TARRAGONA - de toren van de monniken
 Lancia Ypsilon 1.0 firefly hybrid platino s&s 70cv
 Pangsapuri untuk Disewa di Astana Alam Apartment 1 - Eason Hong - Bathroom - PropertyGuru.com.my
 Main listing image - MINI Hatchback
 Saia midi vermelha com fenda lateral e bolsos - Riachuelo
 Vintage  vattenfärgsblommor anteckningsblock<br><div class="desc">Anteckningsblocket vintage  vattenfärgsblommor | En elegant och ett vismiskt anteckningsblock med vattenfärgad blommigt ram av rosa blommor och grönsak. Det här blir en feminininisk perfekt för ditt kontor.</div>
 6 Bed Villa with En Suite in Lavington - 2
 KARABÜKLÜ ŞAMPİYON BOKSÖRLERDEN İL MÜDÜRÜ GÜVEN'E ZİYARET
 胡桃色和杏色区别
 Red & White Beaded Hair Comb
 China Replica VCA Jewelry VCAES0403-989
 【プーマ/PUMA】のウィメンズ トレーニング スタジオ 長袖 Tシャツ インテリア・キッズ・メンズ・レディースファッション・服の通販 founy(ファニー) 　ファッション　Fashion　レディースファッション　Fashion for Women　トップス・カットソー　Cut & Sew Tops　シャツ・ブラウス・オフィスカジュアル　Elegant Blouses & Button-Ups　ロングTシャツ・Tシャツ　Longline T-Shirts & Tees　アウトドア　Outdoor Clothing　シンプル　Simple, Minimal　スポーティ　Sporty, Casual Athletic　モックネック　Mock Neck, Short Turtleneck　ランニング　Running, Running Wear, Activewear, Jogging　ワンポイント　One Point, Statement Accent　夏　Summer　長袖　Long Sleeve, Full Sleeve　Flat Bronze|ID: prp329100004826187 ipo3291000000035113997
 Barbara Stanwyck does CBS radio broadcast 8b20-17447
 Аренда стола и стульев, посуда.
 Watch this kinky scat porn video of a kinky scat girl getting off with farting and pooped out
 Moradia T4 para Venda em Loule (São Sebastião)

□ □ □ □ □ □ □

→ Problem to work on
Word for word, set down the lines from the beginning of the records through the line that holds "Saia midi vermelha". Leave out the rest.

→ Response area
TARRAGONA - de toren van de monniken
 Lancia Ypsilon 1.0 firefly hybrid platino s&s 70cv
 Pangsapuri untuk Disewa di Astana Alam Apartment 1 - Eason Hong - Bathroom - PropertyGuru.com.my
 Main listing image - MINI Hatchback
 Saia midi vermelha com fenda lateral e bolsos - Riachuelo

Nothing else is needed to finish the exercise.